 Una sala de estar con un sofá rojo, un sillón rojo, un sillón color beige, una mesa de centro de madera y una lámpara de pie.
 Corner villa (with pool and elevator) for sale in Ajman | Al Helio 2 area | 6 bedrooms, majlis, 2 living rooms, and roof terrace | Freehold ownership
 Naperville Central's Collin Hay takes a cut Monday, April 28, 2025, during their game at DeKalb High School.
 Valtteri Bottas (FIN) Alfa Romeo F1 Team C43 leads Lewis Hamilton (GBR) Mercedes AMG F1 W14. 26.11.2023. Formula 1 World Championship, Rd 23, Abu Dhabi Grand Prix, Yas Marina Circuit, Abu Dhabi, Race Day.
· · · · ·
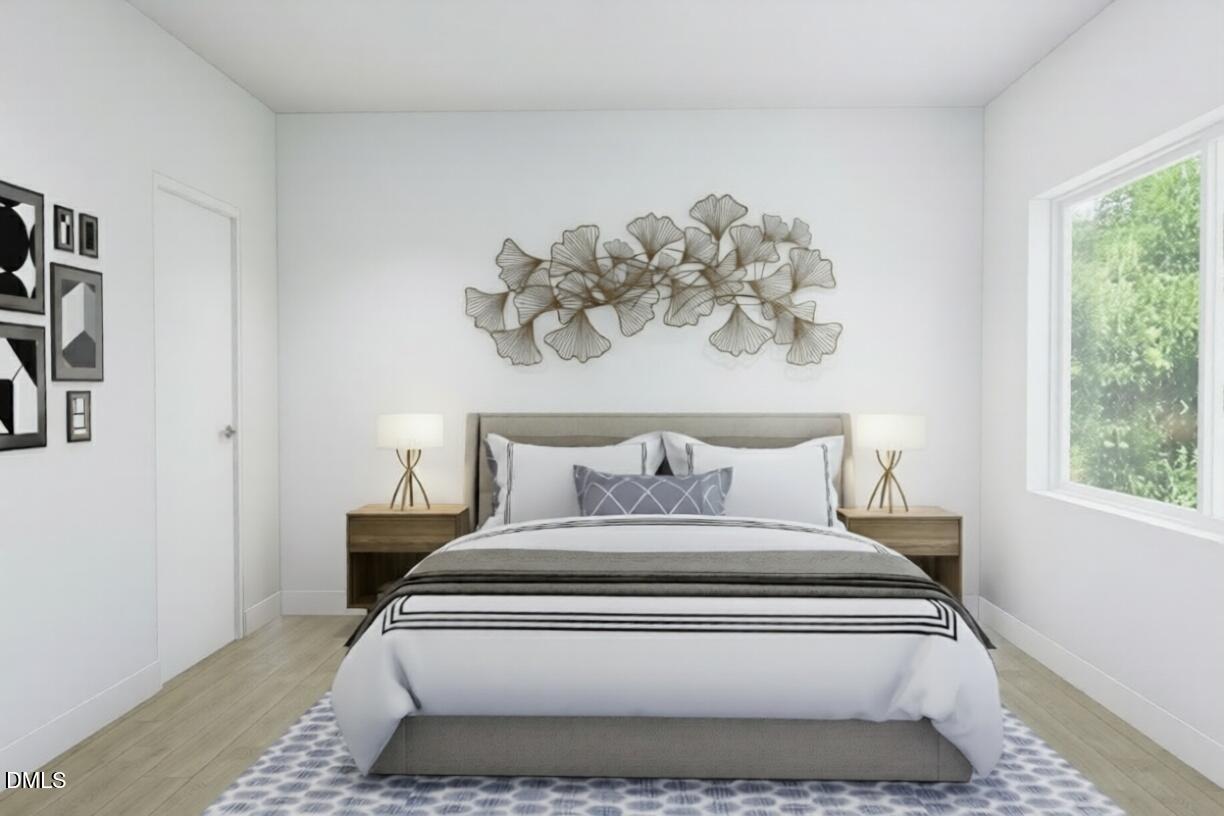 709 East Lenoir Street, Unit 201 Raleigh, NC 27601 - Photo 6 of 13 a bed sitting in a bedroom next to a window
· · · · ·
# What to do
Your answer should be the lines of the listing above between the line holding "Corner villa (with" and the line holding "Valtteri Bottas (FIN)", inclusive, restated word for word and alone.

# Solution for this exercise
 Corner villa (with pool and elevator) for sale in Ajman | Al Helio 2 area | 6 bedrooms, majlis, 2 living rooms, and roof terrace | Freehold ownership
 Naperville Central's Collin Hay takes a cut Monday, April 28, 2025, during their game at DeKalb High School.
 Valtteri Bottas (FIN) Alfa Romeo F1 Team C43 leads Lewis Hamilton (GBR) Mercedes AMG F1 W14. 26.11.2023. Formula 1 World Championship, Rd 23, Abu Dhabi Grand Prix, Yas Marina Circuit, Abu Dhabi, Race Day.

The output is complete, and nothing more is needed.